Bowie in Brecht's Baal
RIP David Bowie

How do you pay tribute to someone you never met but who contributed to your emerging self? There’s a line in Nicolas Roeg’s The Man Who Fell To Earth directed at Bowie by Candy Clark’s character, Mary-Lou:
You know, Tommy, you’re a freak. I don’t mean that unkindly. I like freaks. And that’s why I like you.
The Man Who Sold The World

I don’t know whether or not the lyric below is my favourite Bowie lyric (and possibly song) – I could have chosen ANYTHING from Ziggy Stardust and the Spiders from Mars which I must have played over a hundred times.
We passed upon the stair, we spoke of was and when
Although I wasn’t there, he said I was his friend
Which came as some surprise, I spoke into his eyes
I thought you died alone, a long long time ago

Oh no, not me
I never lost control
You’re face to face
With the man who sold the world

I laughed and shook his hand, and made my way back home
I searched for form and land, for years and years I roamed
I gazed a gazely stare at all the millions here
We must have died alone, a long long time ago

Who knows?  Not me
We never lost control
You’re face to face
With the man who sold the world
Some lyrics are just funny (When you’re a boy/You can wear a uniform from Boys Keep Swinging), some are mysterious (Rule Britannia is out of bounds/To my mother, my dog and clowns from Life on Mars?) and some are pure poetry (Your circuit’s dead/There’s something wrong/Can you hear me, Major Tom? from Space Oddity.) His songs will endure.

Only Bernie Taupin’s lyrics loomed larger than Bowie

I think only Elton John’s albums had a bigger impact on my teenage years than David Bowie. Yes, there were particular songs that had personal significance like Love Train (The O’Jays), Kissing in the Back Row of the Movies (the Drifters) and She (Charles Aznavour); particular albums that were played over and over again like Dark Side of the Moon, Simon and Garfunkel’s Greatest Hits and Tubular Bells; and various groups and artists caught my imagination: The Beatles, the Stones, Rod Stewart, Marc Bolan, Carly Simon, Carole King, Suzi Quatro, Blondie, the Carpenters, Queen, Mud, Lindisfarne, The Eagles…. These were the background to my teenage life. But, apart from Elton John’s music and Bernie Taupin’s lyrics (lyrics that, frankly, obsessed me) no-one got into my bloodstream more than Bowie.
The Man Who Fell To Earth, Merry Christmas Mr Lawrence, Labyrinth

Stiff on my legend (lyric from Cracked Actor)

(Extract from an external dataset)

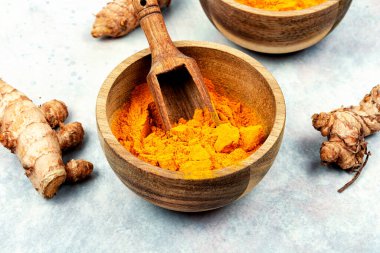 Tahta kase ve zerdeçal tozunda taze zerdeçal kökü veya Curcuma longa linn.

Bowie worked with impressive and maverick directors: Martin Scorsese in The Last Temptation of Christ (as Pilate), David Lynch in Twin Peaks: Fire Walk With Me, Tony Scott in The Hunger and Nagisa Oshima in Merry Christmas Mr Lawrence but it is probably his roles in Jim Henson’s Labyrinth and The Man Who Fell To Earth that capture his mercurial and other-worldly quality. Although he was uncomfortable on stage, the accounts of his performances in Pomerance’s Elephant Man and Brecht’s Baal, reveal an unsettling and uncompromising stage presence.

Precious

He was a man. Take him for all in all.
I shall not look upon his like again.
As Bowie’s character, Jareth, in Labyrinth, says “How you turn my world, you precious.”
G’bye, Bowie.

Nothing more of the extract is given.